Melvin Jacobs and Rose Wexler Jacobs, audio interview by Michael Samuel Grossman, 7 March 1997, Mss 1035-139, Special Collections, College of Charleston, Charleston, SC, USA.;Melvin Jacobs, born in 1909 in Charleston, South Carolina, discusses his family history. His maternal grandparents, Rebecca Tobish and Louis Charles Pearlstine, settled in Branchville, South Carolina, where they ran a dry goods store. Louis emigrated with Melvin’s paternal grandfather, Isaac Jacobs (Karesh) from Trzcianne, Russia, circa 1852. Melvin’s father, Louis Jacobs, an observant Orthodox Jew, ran a shoe store in Charleston on King Street. Under mounting financial pressure, Louis began opening his store on the Sabbath, a decision that created tension between him and his father, Isaac.
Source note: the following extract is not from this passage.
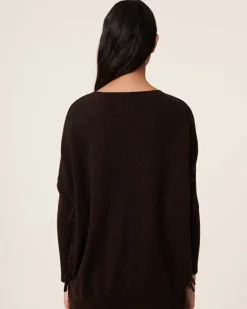 Kujten Sweaters & Sweatshirts><noscript><img data-lazyloaded=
Melvin talks about his siblings and his aunts and uncles, specifically his uncle Dr. Kivy Pearlstine, who practiced in Charleston. Melvin married Rose Wexler of Savannah, who joined him in this interview. They recall their courtship and wedding, and Rose touches on the issue of how women dressed for synagogue services in the past and at the time of the interview. Note: for several related collections, search for “Pearlstine” in Special Collections, Addlestone Library, College of Charleston. The Jacobses recorded a second interview in 1998 (Mss. 1035-172).